Safa ile sohbetimizde şunu bir daha anladım. İnsanın elbisesi eskiyip kirlendiği gibi, imanı da eskiyor veya tesirini bazen azaltıyor. Nasıl maddî vücudumuz her gün bakım ve takviye istiyor, aynen onun gibi bizi ibadete, şükre, zikre ve bu nimetlerin hakikî sahibi daha doğrusu kâinatta bizi misafir eden Allah'a karşı teşekküre, namaza sevkeden, çağıran, götüren imanımız da mânevî dünyamız da bakım ve takviye istiyor. Eğer bu bakım ve takviye yapılmazsa, zamanla gevşeme ve soğumalar oluyor. Ne ile çok meşgul olur, kıymet verip koynumuzda saklarsak, o bizi çeker ve yakamızı bırakmaz. Müzik de dinleyelim ona da ihtiyaç var belki. Ama onun bir oranı ve zamanı olmalı değil mi? Müptelâsı olduğumuz şeylerin zamanla hastası oluyoruz. Uğrunda ter döküp saatler verdiğimiz mırıldanışlar, gün geliyor çalıştığımız ders, çözdüğümüz problemin nağmesine dönüyor. Zihnimizi dağıtıyor, beynimizi küle çeviriyor. Ölçülü olmak, her an aklımızı kullanmak, her şeyi zamanında kavramak, parlak bir gelecek için çok önemli. Safa'ya söz verdiğim için, başta nefsimiz tüm gençlere ders olsun diye bu yazıyı yazıyorum.

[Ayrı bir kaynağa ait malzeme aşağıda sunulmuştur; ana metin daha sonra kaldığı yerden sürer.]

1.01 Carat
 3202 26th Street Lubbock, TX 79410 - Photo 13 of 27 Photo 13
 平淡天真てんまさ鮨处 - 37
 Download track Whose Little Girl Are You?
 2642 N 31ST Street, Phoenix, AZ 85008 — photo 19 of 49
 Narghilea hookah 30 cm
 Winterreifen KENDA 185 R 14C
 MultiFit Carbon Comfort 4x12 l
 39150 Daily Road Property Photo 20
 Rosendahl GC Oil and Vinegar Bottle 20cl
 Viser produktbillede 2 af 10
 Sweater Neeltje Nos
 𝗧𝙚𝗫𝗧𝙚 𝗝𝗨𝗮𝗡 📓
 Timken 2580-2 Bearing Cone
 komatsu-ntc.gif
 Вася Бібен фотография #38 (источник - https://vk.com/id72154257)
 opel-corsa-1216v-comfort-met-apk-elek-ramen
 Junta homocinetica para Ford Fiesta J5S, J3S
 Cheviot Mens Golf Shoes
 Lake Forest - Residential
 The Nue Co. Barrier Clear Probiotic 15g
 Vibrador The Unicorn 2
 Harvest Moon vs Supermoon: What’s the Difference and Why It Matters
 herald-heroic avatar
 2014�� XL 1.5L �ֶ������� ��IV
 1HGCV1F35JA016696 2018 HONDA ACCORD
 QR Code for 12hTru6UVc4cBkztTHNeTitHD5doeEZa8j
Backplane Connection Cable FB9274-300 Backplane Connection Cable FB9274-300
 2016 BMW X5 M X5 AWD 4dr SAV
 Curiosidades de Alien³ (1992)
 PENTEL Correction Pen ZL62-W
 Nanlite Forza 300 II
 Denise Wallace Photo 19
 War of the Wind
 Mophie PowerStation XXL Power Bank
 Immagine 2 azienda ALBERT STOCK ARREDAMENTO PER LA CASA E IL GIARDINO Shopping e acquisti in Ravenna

Günümüzü verimli ve düzenli kullanmak açısından da namaz önemli ve dikkat yazısı gibi aslında. Dikkat diyor, namaz vakti bize. Önemli bir sermaye olan zamanın şu kadar saati gitti. İkindiye veya öğleye kadar yapamadıkların var. Onları hatırlatıyor kıldığımız namaz bize. Dakikalarını mayalıyor, ahirete gönderiyor. Bir nevi geçici saniyelerin geçmiyor, tekrar sana sermaye oluveriyor. İki namaz arasında yaptıkların da ibadete dönüyor. Her vakit namaz, bizim on dakikamızı alıyor. O, on dakika ile o vakte kadar bizde görünen nimetler için Rabbimize minnetle teşekkürümüzü sunmak, o vaktin namazını geciktirmeden kılmak öncelikle bir insanlık borcumuz. Ne güzel değil mi Cenab-ı Allah İslamiyeti bize nasip etmiş. Gençlikle beraber sıhhat, akıl, kalp, göz, kulak gibi paha biçilmez maddi ve manevi cihazlar hediye ederek emanet vermiş. Bu kadar paha biçilmez nimetleri verenin şiddetli emirlerini tanımamak, yirmi dört saatin abdeste birlikte bir saatlik diliminde O'nu hatırlamamak, ne kadar büyük bir kayıp ve çirkinlik olur? Dünyanın geçici işleri bizi namazdan alıkoymamalı. Hele müzik gibi şeyler hiç alıkoymamalı. Sırf dünya için yaratılmadık ki bütün vaktimizi ona sarf edelim. Akıl ve şuur hayvanlara değil, sadece bize takılmış. Öyleyse düşünme, bu nimetleri hatırlama ve Rabbimize teşekkür vazifesi de bize ait olmalı değil mi?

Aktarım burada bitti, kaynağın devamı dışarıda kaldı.